MCA claims that Disney co-opted its plans for Universal Studios-Florida in an attempt to delay the MCA project or drive it from Florida altogether. Said MCA President Sheinberg: "When it came to our horrible realization that they (Disney) were going to do what they were going to do, there was a horrible sense of personal and corporate betrayal. "
Disney rejects the MCA contentions.
As MCA's version of the story goes, Eisner may have become aware of MCA's plans for a tour in 1981 when MCA sought a financial partner for its expansion into Florida.
At the time, Eisner was president of Paramount, the first company that MCA wooed as a potential financial partner. Sheinberg, citing "very strong personal and business relations" that existed between the two companies, said, "It would have been unthinkable that we would have discussed this first with any company other than Paramount."
Eisner and Barry Diller, then chairman of Paramount and now chairman of 20th Century Fox, were Sheinberg's "two best, most trusted friends," an MCA source recalled.
Basic to MCA's allegations is a July, 1981, meeting at which the company first presented its Florida plans. It was at this meeting that MCA says Paramount executives saw the plans for MCA's studio tour.
Although Eisner and other Disney officials refused to give interviews for this article, a Disney spokesman in response to a written Times inquiry about MCA's contentions denied "categorically: (a) that Disney ever stole, borrowed or misappropriated anyone else's ideas for the Disney-MGM Studios--or that Disney will ever do so, or would have to do so; and (b) that Michael Eisner saw or discussed any plans or drawings of anyone else's studio tour proposals before or after he came to Disney."
To back its claims, MCA has now revealed for the first time its 1981 tour plans (previously shown only to potential backers), pointing out what it calls remarkable similarities between the Disney tour and MCA's original design for Universal Studios-Florida.
Further, Jay Stein, MCA Recreation president and the company's chief tour executive, says his company was forced to completely restructure its Florida tour and design new attractions in light of the similarities. The restructuring added "tens of millions to the cost," Stein said. "It isn't just the redesigning. It was the addition of new attractions and shows, expanded streets and restaurants, that were not contemplated in 1981. It all relates to the fact that Disney took what we had, and we had to fish or cut bait."

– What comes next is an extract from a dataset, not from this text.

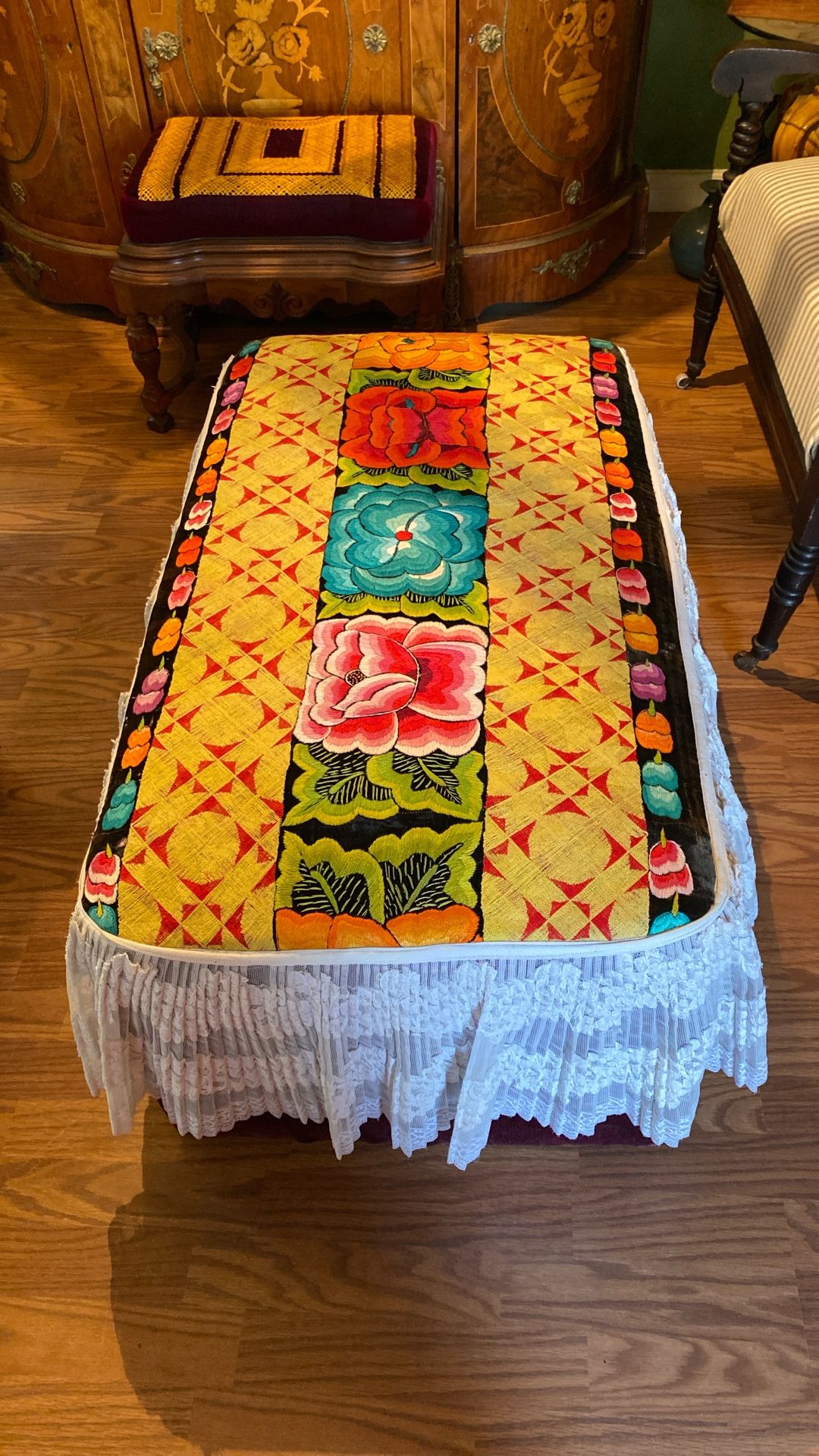 Beautiful Ottoman Center Section Hand embroidered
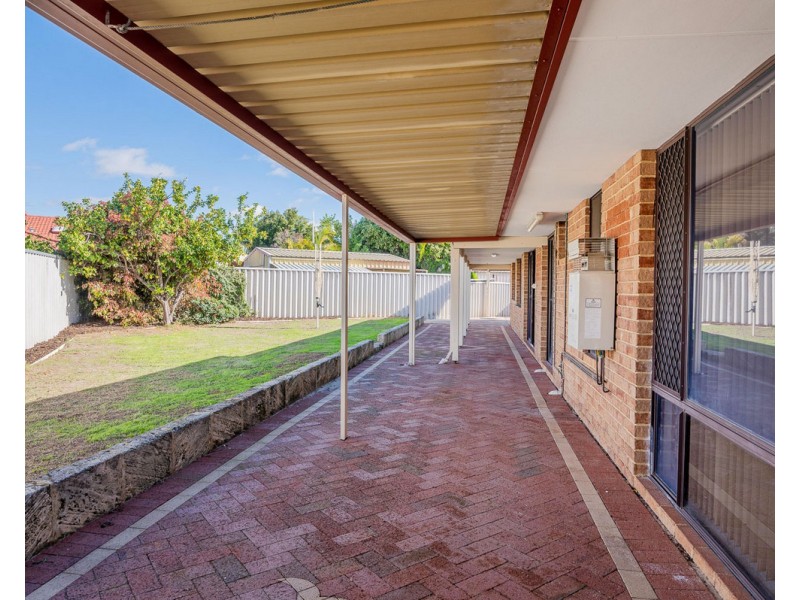 11 Wateredge Road, Thornlie WA 6108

Stein and MCA Executive Vice President Barry Upson maintain that 65% to 70% of the elements on Disney's tour are "borrowed" from Universal's '81 plans.
They say that the most striking similarities exist between Disney's Catastrophe Canyon, an adventure ride segment on its backlot tram tour, and parts of MCA's original plans that include an earthquake ride. (MCA tour designers originally developed the concept of an earthquake attraction for the Florida tour; the company recently opened a quake ride at its tour in Universal City, but the features of this one differ from the company's first ideas.)